Every line below needs to be printed again exactly, without any of its pictures.

> **DATA RECORDS**
● ● ● ● ● ● ●

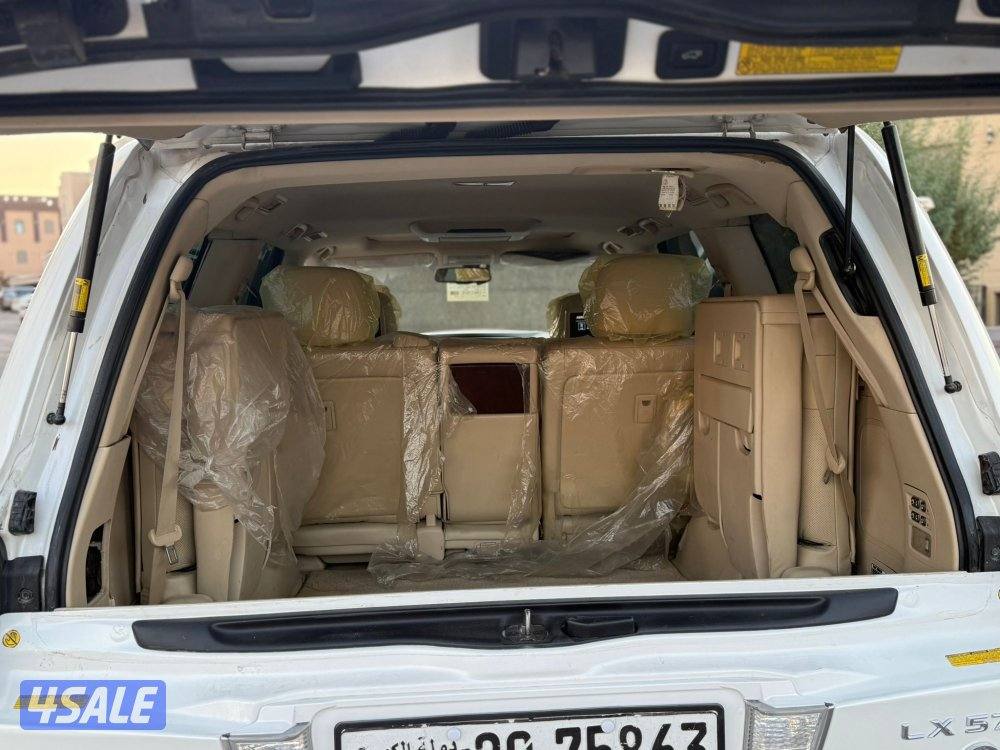 للبيع جيب لكزس ٢٠١٣6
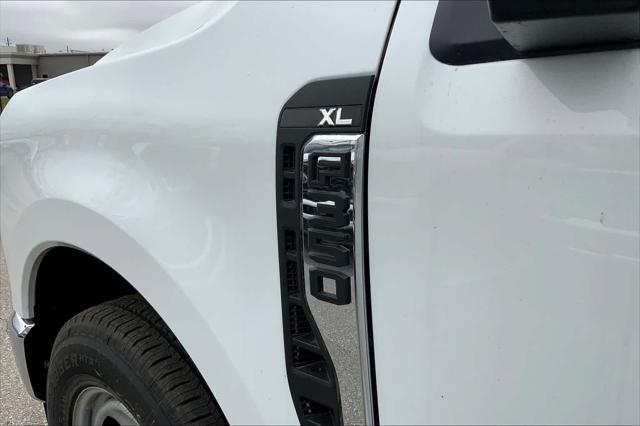 new 2024 Ford F-350 car, priced at $54,407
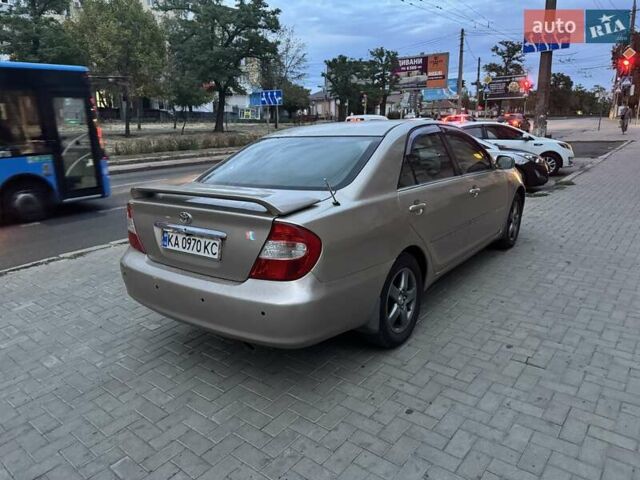 Бежевый Тойота Камри, объемом двигателя 3 л и пробегом 384 тыс. км за 4700 $, фото 6 на Automoto.ua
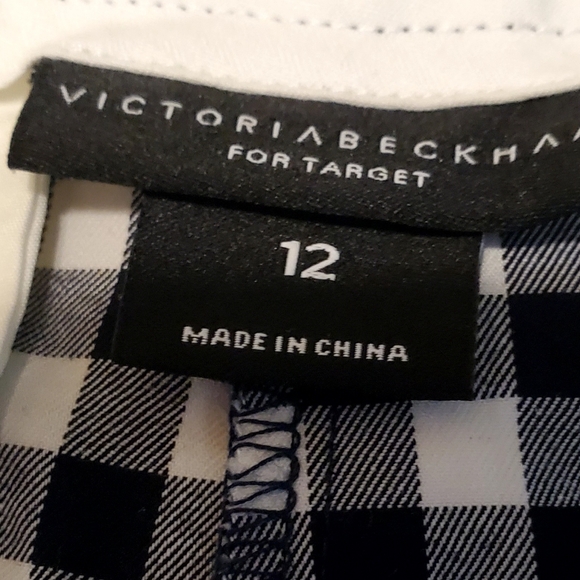 Victoria Beckham top and pant set. - Picture 5 of 6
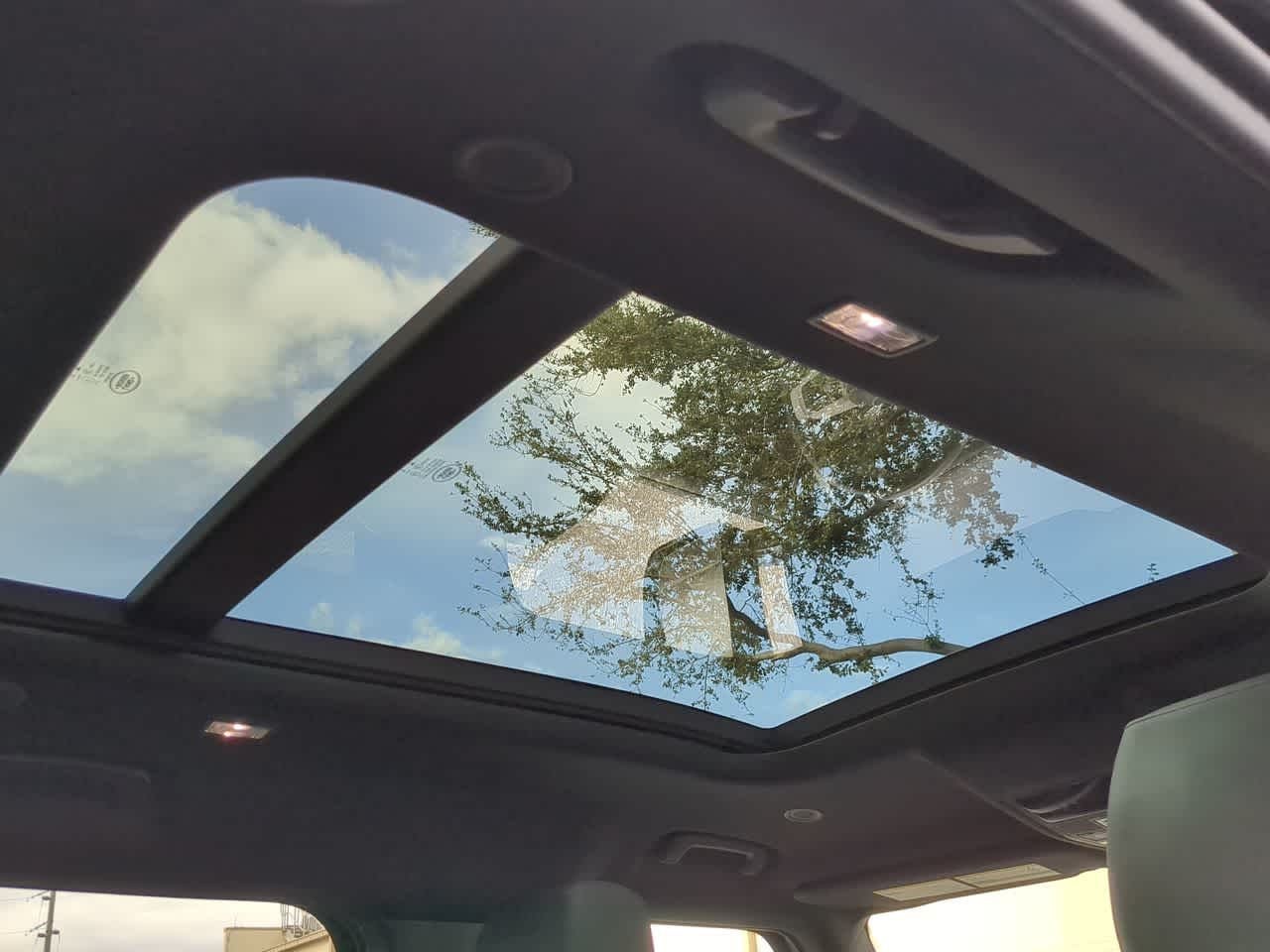 2025 Land Rover Defender S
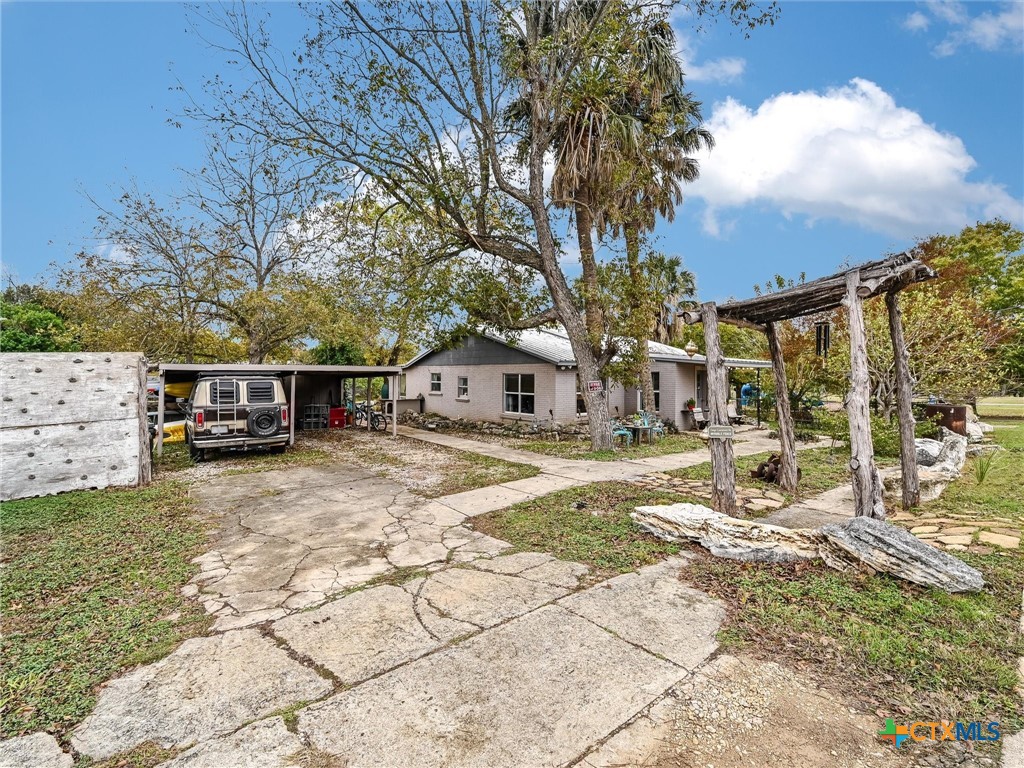 743 Centre Street Property Photo 16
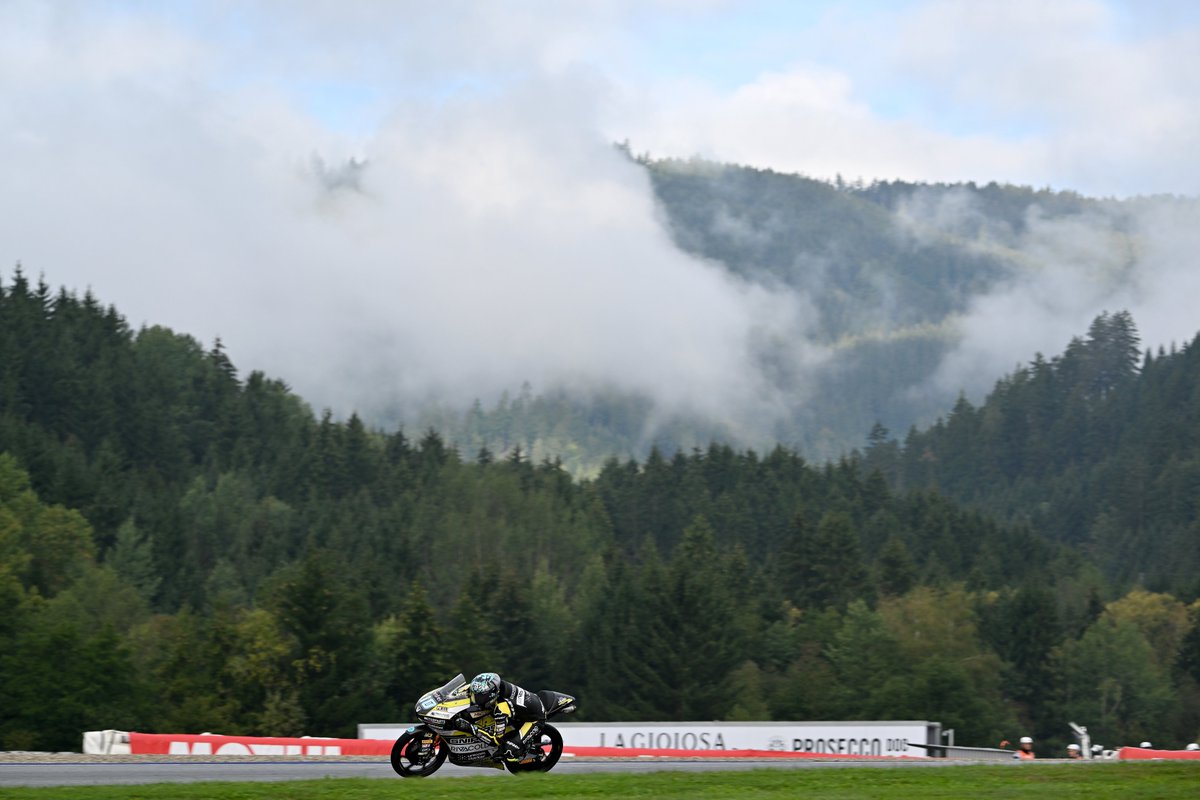 SnipersRacing's tweet photo. As we wait to fly overseas, the middle part of the season comes to an end with the Red Bull Ring 🇦🇹🏁

Austrian GP Recap ⬇️
🇮🇹 https://t.co/TrHARS3Eqi
🇬🇧 https://t.co/VxN1E94PsO

#MotoGP #AustrianGP #RedBullRing #Spielberg #Moto3 #MotoGPNews #Racing #Honda #HRC #Motorsport #Race https://t.co/YNEBDXn8jp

● ● ● ● ● ● ●

> **EXERCISE RESULT**
 للبيع جيب لكزس ٢٠١٣6
 new 2024 Ford F-350 car, priced at $54,407
 Бежевый Тойота Камри, объемом двигателя 3 л и пробегом 384 тыс. км за 4700 $, фото 6 на Automoto.ua
 Victoria Beckham top and pant set. - Picture 5 of 6
 2025 Land Rover Defender S
 743 Centre Street Property Photo 16
 SnipersRacing's tweet photo. As we wait to fly overseas, the middle part of the season comes to an end with the Red Bull Ring 🇦🇹🏁

Austrian GP Recap ⬇️
🇮🇹 https://t.co/TrHARS3Eqi
🇬🇧 https://t.co/VxN1E94PsO

#MotoGP #AustrianGP #RedBullRing #Spielberg #Moto3 #MotoGPNews #Racing #Honda #HRC #Motorsport #Race https://t.co/YNEBDXn8jp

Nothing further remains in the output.